En Estados Unidos, un día de después del Día de Acción de Gracias, las personas corren desesperadamente a los centros comerciales, a tal punto que las ciudades se congestionan. La gente se pelea por las cosas en los almacenes como si en este afán descontrolado por comprar estuvieran pagando por un poco de felicidad. Los videos de estas escenas son impresionantes, la gente se pelea por las cosas como si se tratara de la última Coca Cola del desierto. El fenómeno del Black Friday se globalizó desde principios de los 80, al mismo tiempo que se esparcía la amenaza del virus consumista por todo el mundo. Ahora, viendo los posibles efectos de este consumo desaforado, es inevitable no cuestionarse sobre las consecuencias que esto trae y pensar en comprar de manera más consciente en estos días.

Lo primero que es importante saber es que, para llegar a estos volúmenes tan altos de producción para cubrir la demanda, se pasa por encima de los derechos humanos de las personas, siendo los menores de edad y las mujeres las principales víctimas.
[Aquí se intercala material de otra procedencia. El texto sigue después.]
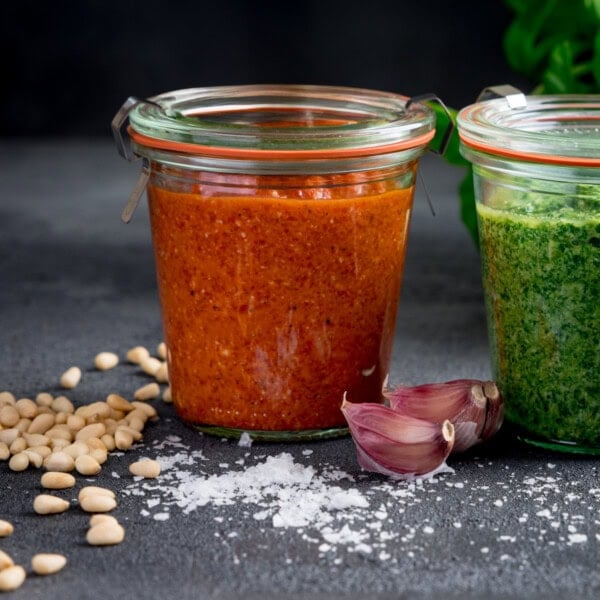 Two glass jars, one with roasted red pepper pesto and another with green pesto, surrounded by pine nuts, garlic cloves, and coarse salt on a dark surface.
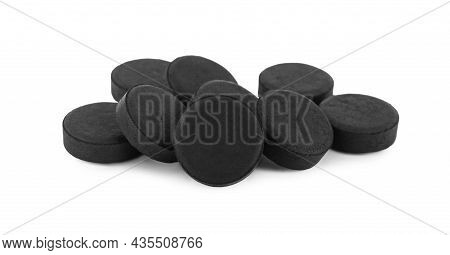 Activated Charcoal Pills On White Background. Potent Sorbent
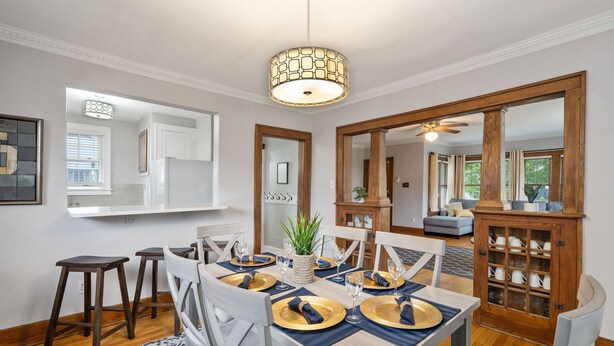 A dining area with a wooden table set for four, white chairs, and a blue patterned rug. - Walk to ND and Eddy Street, ProCleaned * Comfy * Updated (South Bend)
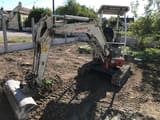 2012 Takeuchi TB219 mini excavator, front three-quarter view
Actualmente 85 millones de niños están forzados a trabajar en el mundo bajo condiciones infrahumanas. Por eso es tan importante preguntarnos, ¿de dónde vienen las cosas que compramos?

La única consecuencia que trae comprar por comprar es más basura en los campos, los ríos y los mares. Por eso es momento de preguntarnos: ¿hay espacio en el planeta para tanto desperdicio? Una persona produce en promedio 4 libras de basura por día y en Estados Unidos se dice que la basura generada por todo el país sobrepasa las 200 millones de toneladas al año. Así que sí es hora de llenarnos de cosas y dejar de ser esclavos de los objetos que compramos. Una buena forma de comprar más inteligente esta temporada es establecer un presupuesto y ajustarse a él.

No se trata de dejar de comprar pues el desarrollo económico, uno de los grandes ejes de la sostenibilidad, se fundamenta en esto. Por eso es tan importante aprender a comprar.  Elegir lo local en la medida de lo posible es otra forma de hacer que nuestras decisiones de compra impacten de manera positiva y que el dinero no quede en manos los mismos de siempre. Apoyemos a nuestros amigos emprendedores, programémonos para comprar los regalos en las ferias de diseño independiente y recordemos siempre antes de comprar, que el ahorro de nuestros propios bolsillos nunca será más importante que ahorrarle vida al planeta y sufrimiento a las personas que son quienes realmente pagan el precio real de las cosas en descuentos absurdos.